At first glance, a lip-sync show may seem to be a strange conceptual basis for a semi-autobiographical piece of theatre. Yet Rachel Causer’s hilarious and emotionally poignant examination of modern femininity shows it is an idea bizarre enough to work. Under the direction of a pre-recorded tape, Causer explores what it means to be a “funny woman”, as well as examining the strength and complexity to the range of female comedians who inspired her.
The significantly limited space of the stage is littered with an array of carboard boxes and plastic bags, all representing different periods in Causer’s life, which she explores via the recorded audio of her own voice, who candidly and humorously dissects the exterior persona and interior reality of her past self. Opening the boxes, Causer’s audio reveals what each portion of her life influenced her journey of self-discovery as a comedian and performer.

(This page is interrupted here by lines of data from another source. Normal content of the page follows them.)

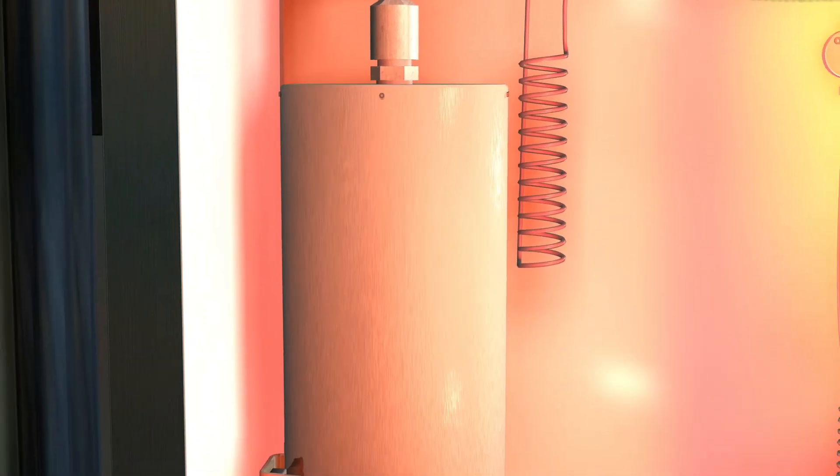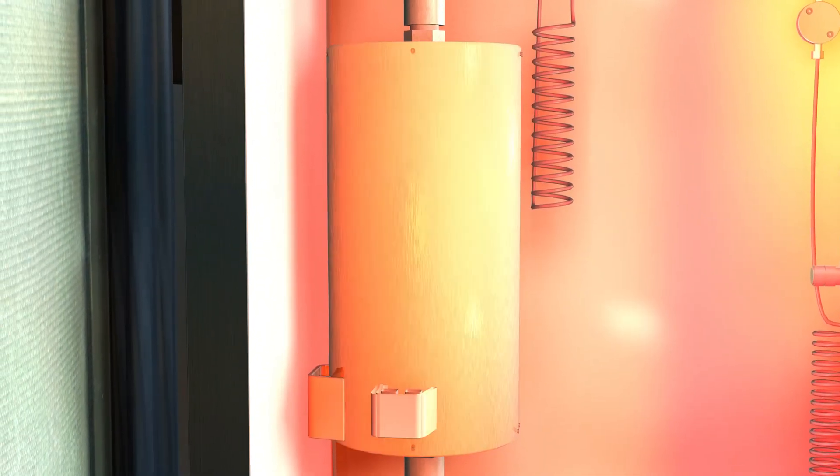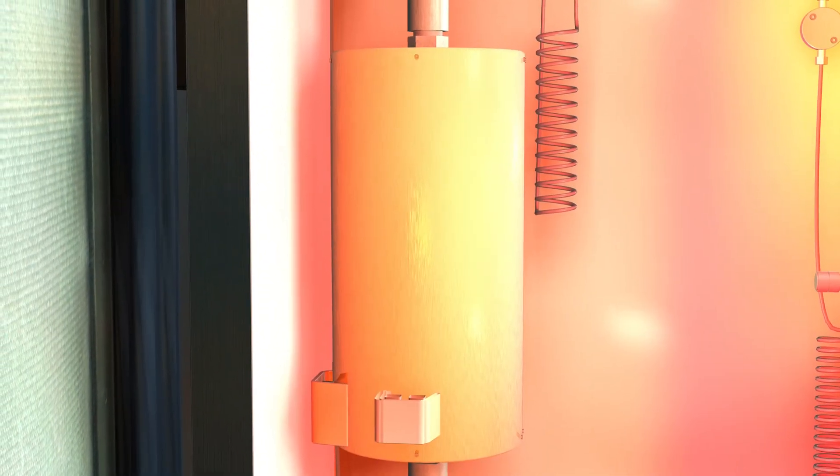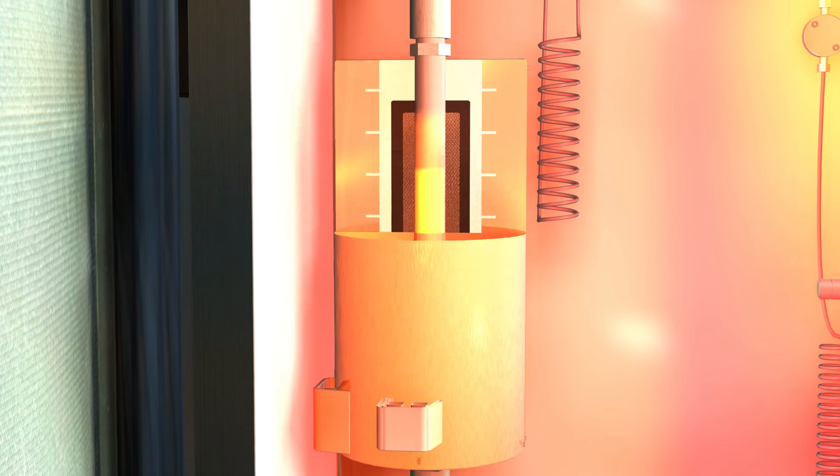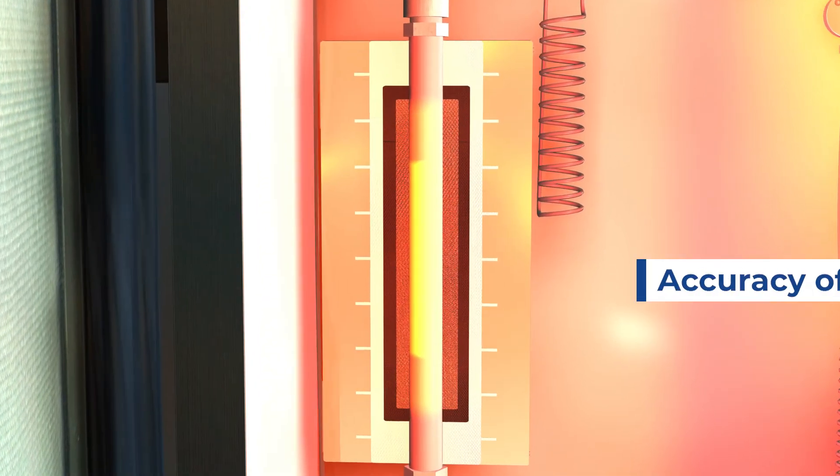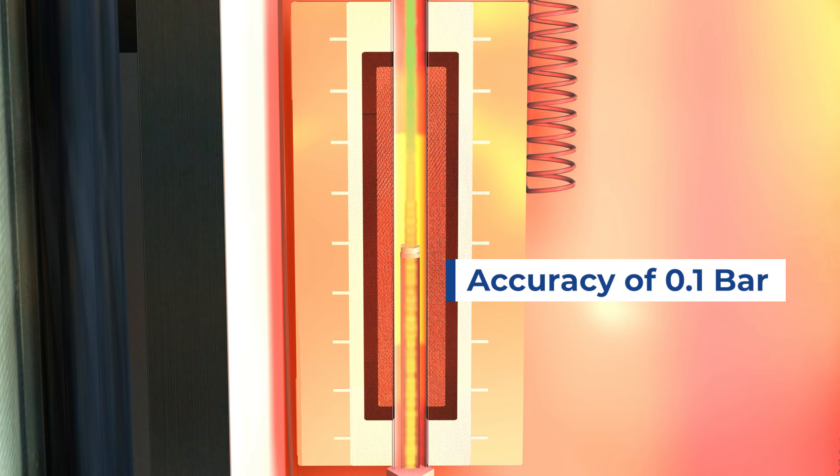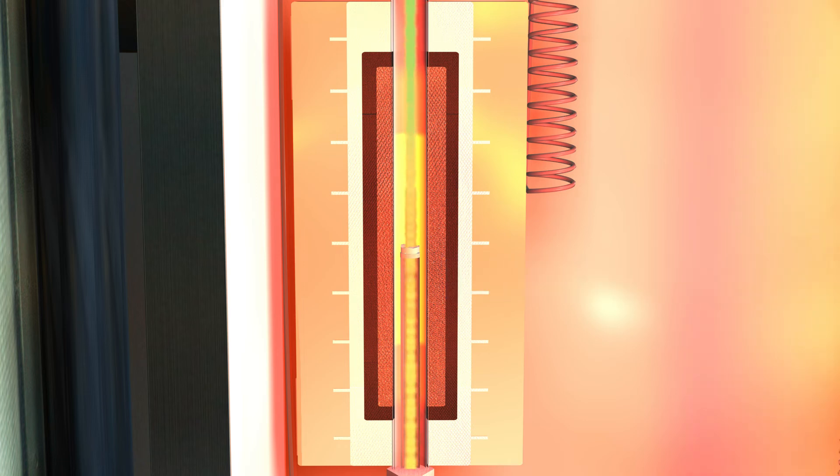The mixture flows into the reactor, which is loaded with catalyst, and it is heated up to reaction temperature. The reaction is catalyzed at the desired pressure, which is controlled with an accuracy of 0.1 bar, thanks to our patented pressure control system.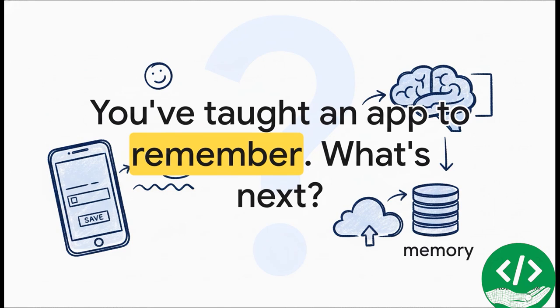We started with just an idea, and now we have a fully functional app that can actually remember information. That is a massive first step. So the only real question left is, now that you have this foundation, what are you going to build next?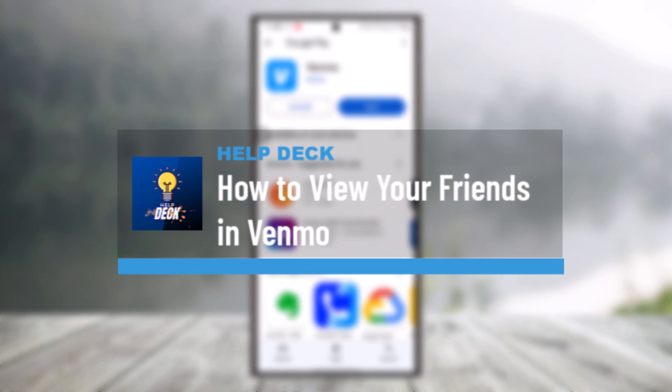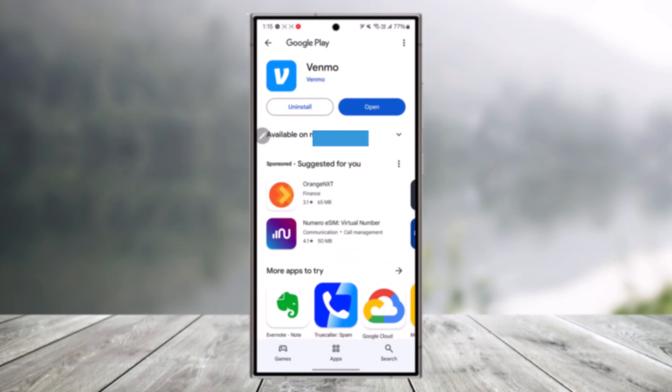How to view your friends in Venmo. If you would like to view your friends in Venmo, it's actually quite simple to do so.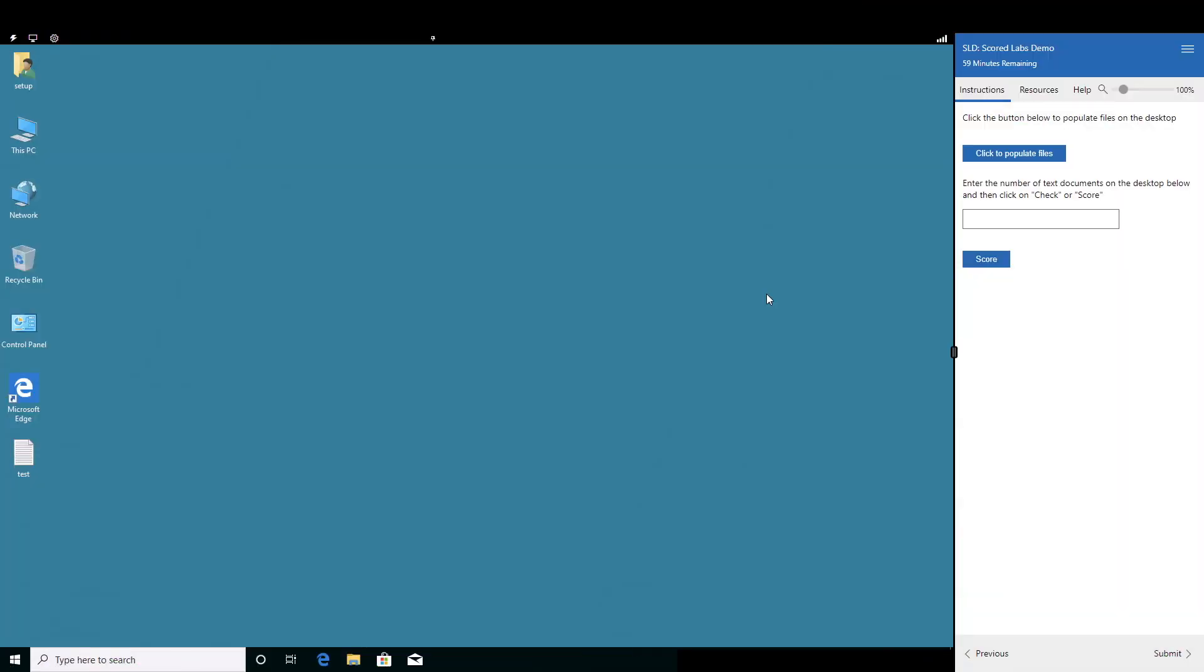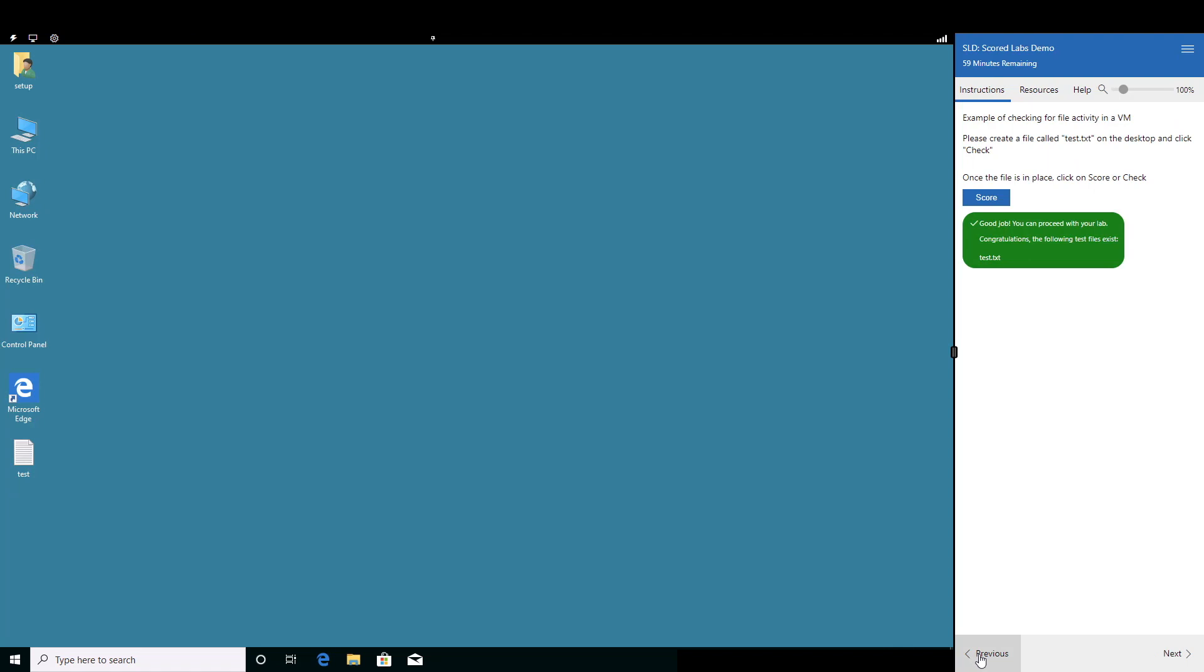In this video, we will demonstrate taking a scored lab with Skillable. We have already started the lab, and on the right-hand side of the screen, we can see our instructions.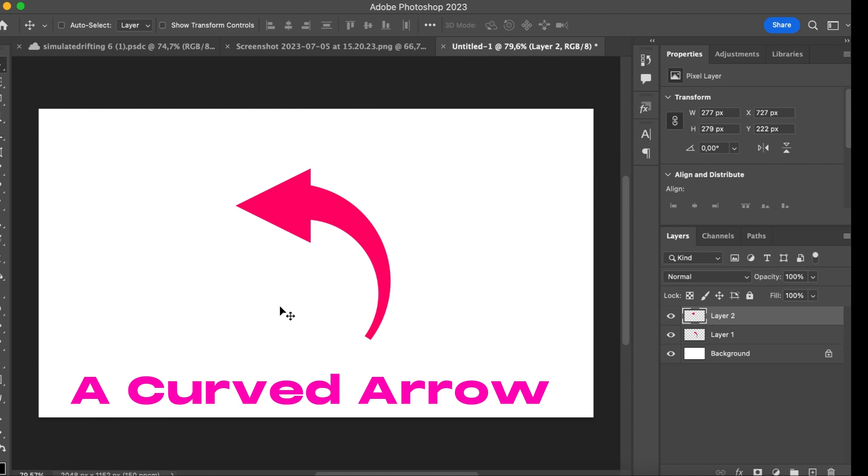Now we're just going to edit here. And that's it. That's our arrow. Thank you for watching. Goodbye.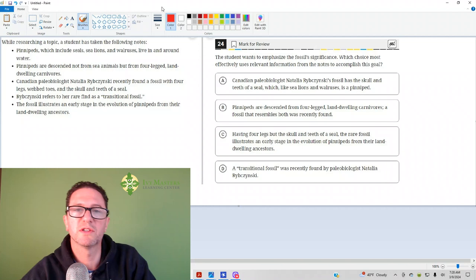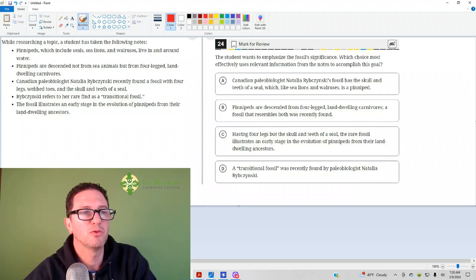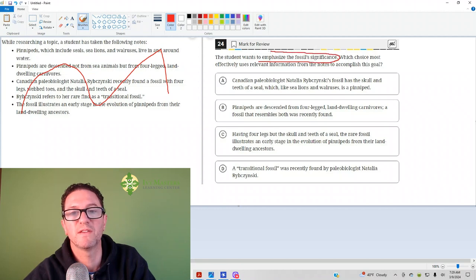This is the 24th question from the digital SAT test 2, module 1. Don't read the bullets, just read the questions. Only one answer is going to answer what the question is asking about, and to emphasize the fossil significance.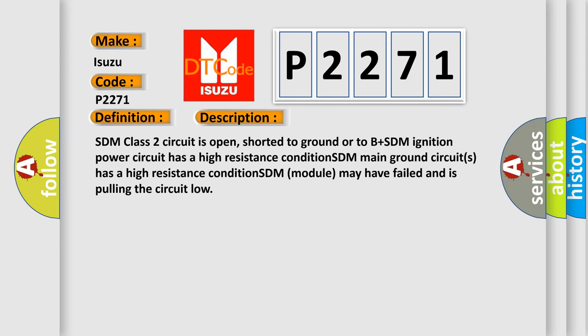SDM class 2 circuit is open, shorted to ground or to B plus. SDM ignition power circuit has a high resistance condition. SDM main ground circuits has a high resistance condition. SDM module may have failed and is pulling the circuit low.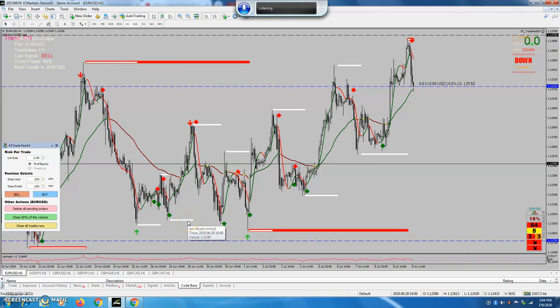Good afternoon, team. Santosh Shetty here. Today I have brought a new price action indicator for you all. This is one of the best and renowned indicators in the market.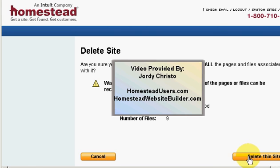Click on Delete This Site. Make sure you rate my videos and subscribe, and make sure you have a great day.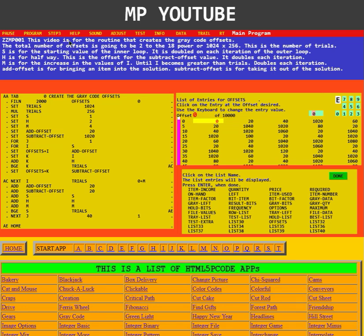This is the video for the routine that creates the gray code offsets. The total number of offsets is going to be 2 to the 18th power, or 1024 times 256. This is the number of trials.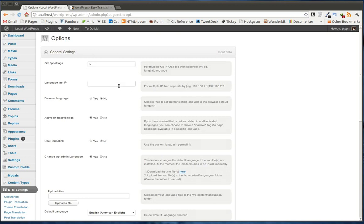You can also add in a test IP, which allows you to actually, from that specific IP address or addresses, you can actually test the multilingual aspects of your site without making them live. You can auto-detect the browser language.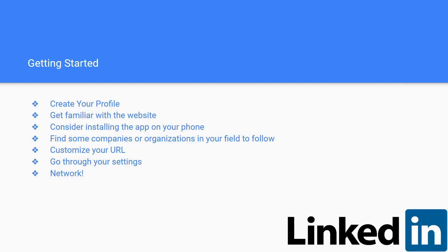You should customize your URL so it's easier for people to find you and for when you send your link to someone, it just looks better than having a random string of numbers at the end. You should also go through your settings to make sure that each setting is what you want it to be so that people can easily find your information. And then lastly, you should network. We'll be going through a lot of these in more detail later on in this presentation, so stick around.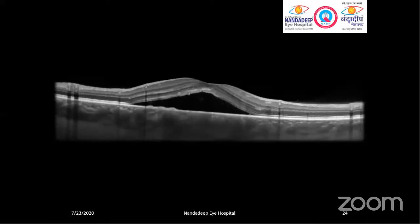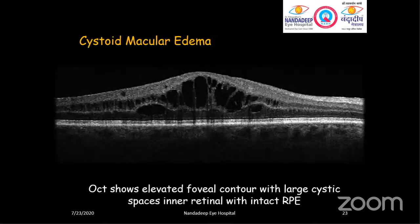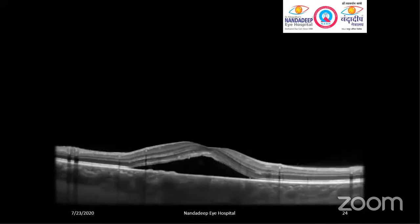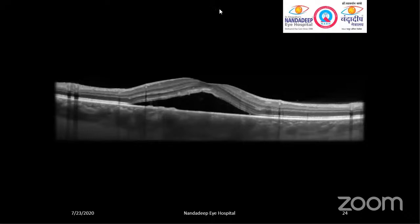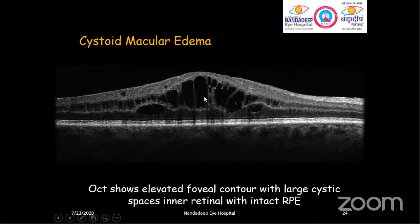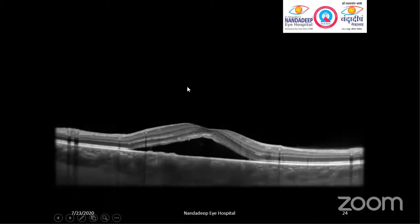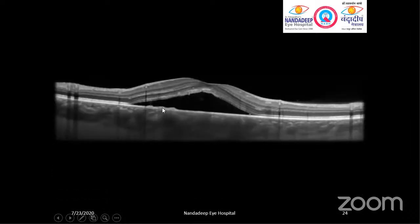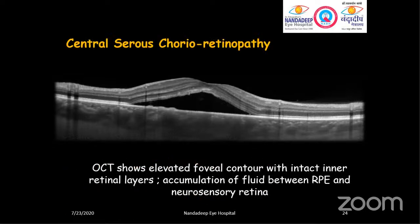Now what does this picture look like? It looks similar to the previous one but there is a big twist. Here we see foveal elevation, which is common, but the inner retina is totally intact — there is fluid accumulation between the RPE (outer retina) and the neurosensory retina. In the previous slide, the RPE was intact, the neurosensory retina was intact, but cystic spaces occurred in the inner retinal layers. Here the inner retina is totally intact whereas there is fluid accumulation between the RPE and the neurosensory retina. This is a very typical case of central serous chorioretinopathy (CSR or CSCR): OCT shows elevated foveal contour with intact inner retinal layers and accumulation of fluid between RPE and neurosensory retina.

Each box is littered with screwed up paper notes of insecurities or antagonistic questions posed to her throughout her life, each chucked onto the floor as she examines her journey thus far. Mementos of her past self in the form of diaries, perfume bottles and old mobile phones are also removed from the boxes, marking the extensive physical vulnerability of her self-examination. Elements of her previous identity broadcast onto a white screen at the back of the stage; the audience learns 25-year-old, 20-year-old and 15-year-old Rachel’s favourite word, most common phrases and pictures from her youth. One of the most emotive moments in this self-examination occurs upon examining the boxes from her 15 year old self. Each one is full to the brim of screwed up paper insults, insecurities and doubts which she flings across the stage as each self-hating and judgemental phrase repeats over and over again on the audio track. It is hugely touching and vulnerable to watch Causer confront the insecurities and expectations that start at such an early age from learning to become a woman.
Each level of Causer’s exploration of her previous experiences, insecurities and identities is interspersed with vivacious and hilarious lip-synced interpretations of sketches by female comedians who have inspired her. It is during these segments of the piece in which Causer’s performance abilities really begin to shine. She utterly transforms into every comedian she embodies, through their posture, physicality and to even the most minute facial expressions; she truly captures the comedic essence. Whether Amy Schumer’s authentic proclamations of body positivity and self-acceptance or Andi Osho’s disillusionment with the rituals of modern dating, each sketch reflects the segment of Causer’s life the boxes had previously depicted, allowing her to demonstrate the solace to be found in looking up to the comedic female role models around us.
A combination of self-deprecating and intelligent humour, as well as a potent vulnerability, Causer’s latest performance exposes the reality behind not only how our own personal growth is marred by expectations of the roles women need to fulfil for society, but also how they impact even our greatest heroines.